[Start of Attachment]

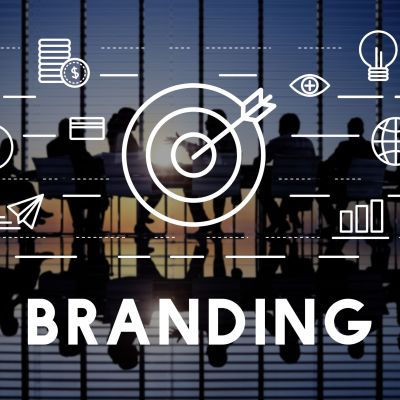 Branding Advertisment Copyright Value Profile Concept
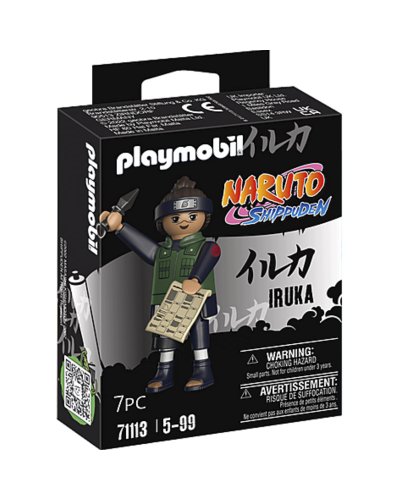 Playmobil Iruka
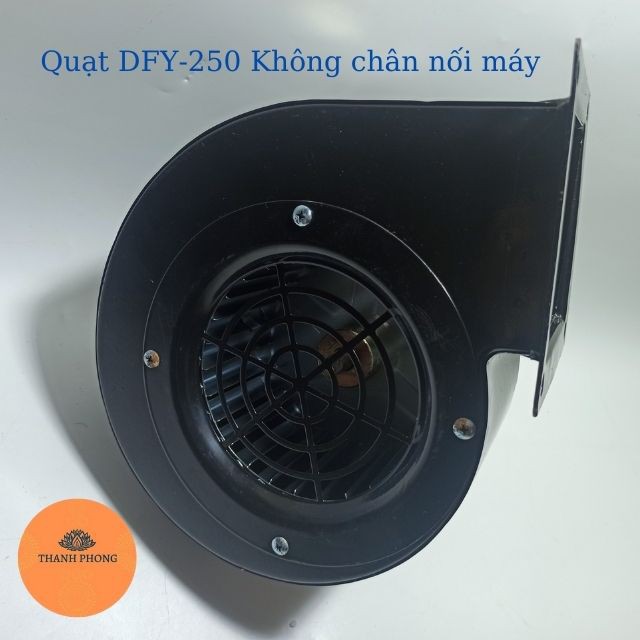 Quạt Sò Ly Tâm DFY Hình Sên Hút Ly Tâm 50W 250W 220V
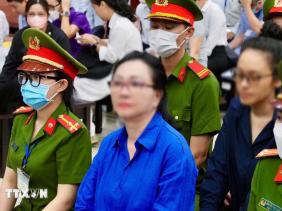 Thành phố Hồ Chí Minh chi trả hơn 248 tỷ đồng thi hành án vụ Trương Mỹ Lan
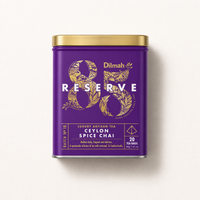 85 Reserve Ceylon Spice Chai Black Tea – 20 Luxury Leaf Bags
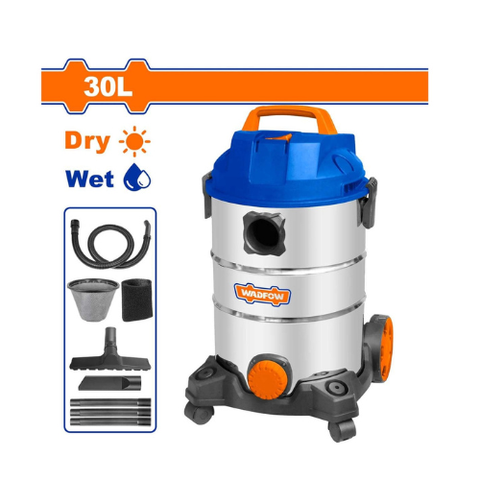 Máy hút bụi 1200W-30L Wadfow WVR4A30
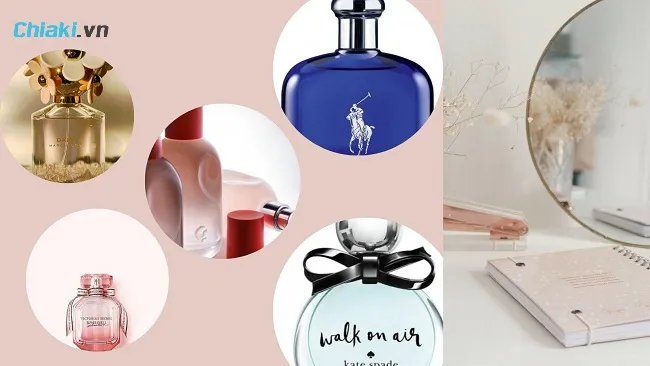 Ti&ecirc;u ch&iacute; chọn nước hoa d&agrave;nh cho nữ 15 tuổi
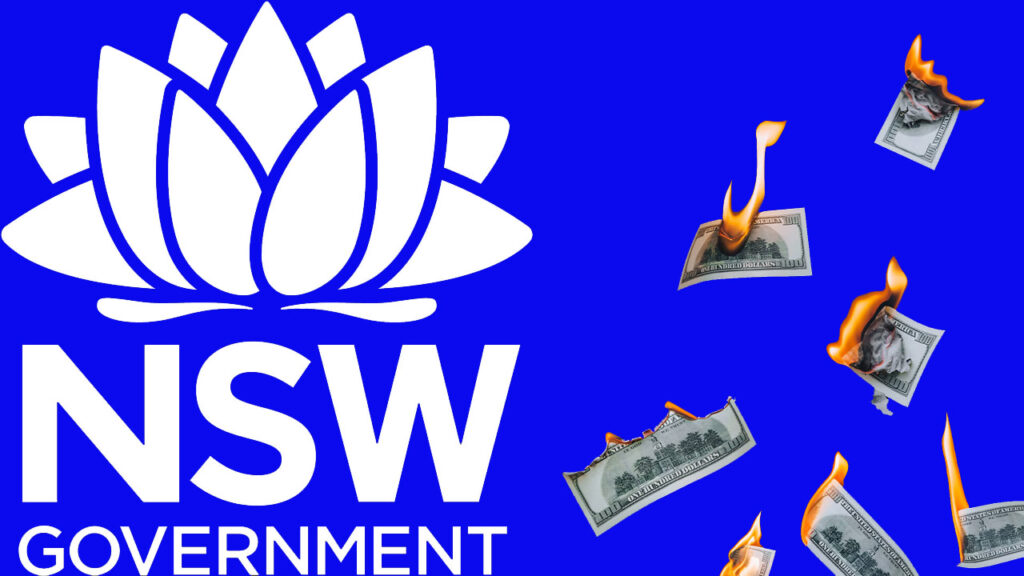 New South Wales Government Casino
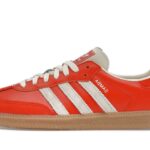 Adidas Samba OG Collegiate Orange Cream authentique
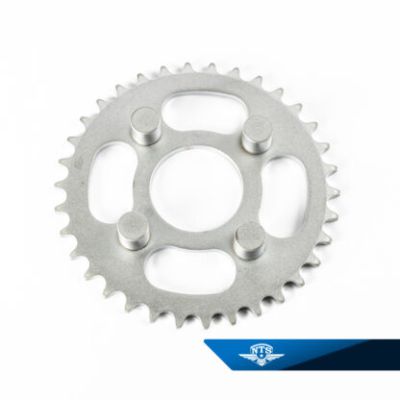 Bakdrev Monark & Crescent, 34 kugg. Grimeca 118mm nav.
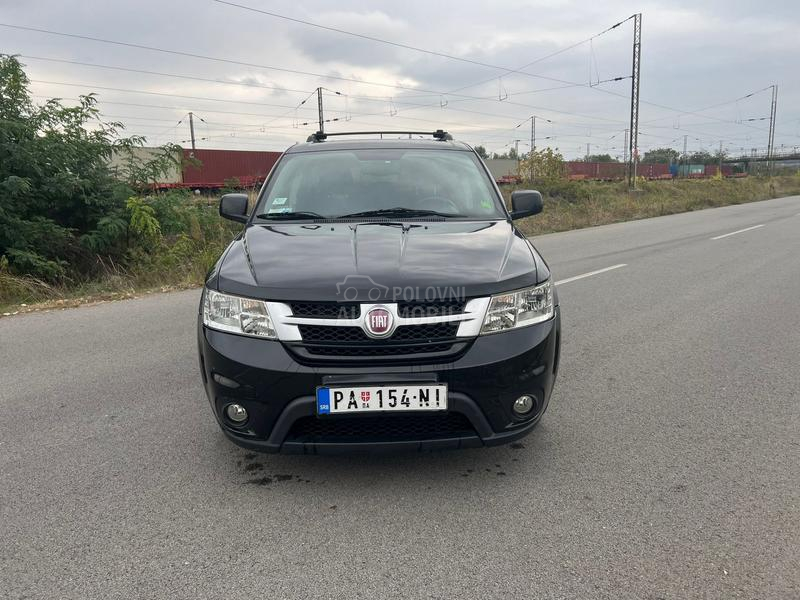Fiat Freemont ODLlCAN 7 sedista
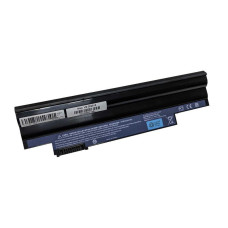 Акумуляторна батарея для ноутбука Acer AL10A31 Aspire One AOD255, AOD260, D255, D260 11.1V Black 5200mAh OEM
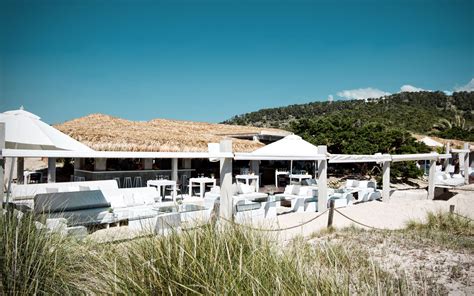 El Chiringuito Es Cavallet, Ibiza | Ibiza spotlight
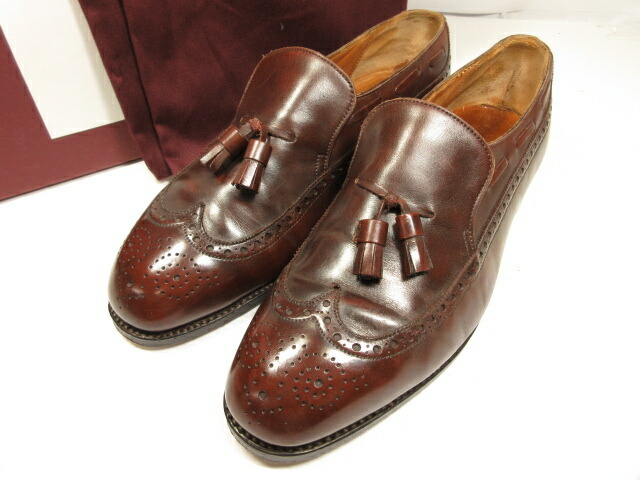 夏・お店屋さん ジョンロブ JOHNLOBB CHESTER チェスター スリッポン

[End of Attachment]

Copy out all the entries exactly. Images stay out of the copy.

 Branding Advertisment Copyright Value Profile Concept
 Playmobil Iruka
 Quạt Sò Ly Tâm DFY Hình Sên Hút Ly Tâm 50W 250W 220V
 Thành phố Hồ Chí Minh chi trả hơn 248 tỷ đồng thi hành án vụ Trương Mỹ Lan
 85 Reserve Ceylon Spice Chai Black Tea – 20 Luxury Leaf Bags
 Máy hút bụi 1200W-30L Wadfow WVR4A30
 Ti&ecirc;u ch&iacute; chọn nước hoa d&agrave;nh cho nữ 15 tuổi
 New South Wales Government Casino
 Adidas Samba OG Collegiate Orange Cream authentique
 Bakdrev Monark & Crescent, 34 kugg. Grimeca 118mm nav.
Fiat Freemont ODLlCAN 7 sedista
 Акумуляторна батарея для ноутбука Acer AL10A31 Aspire One AOD255, AOD260, D255, D260 11.1V Black 5200mAh OEM
 El Chiringuito Es Cavallet, Ibiza | Ibiza spotlight
 夏・お店屋さん ジョンロブ JOHNLOBB CHESTER チェスター スリッポン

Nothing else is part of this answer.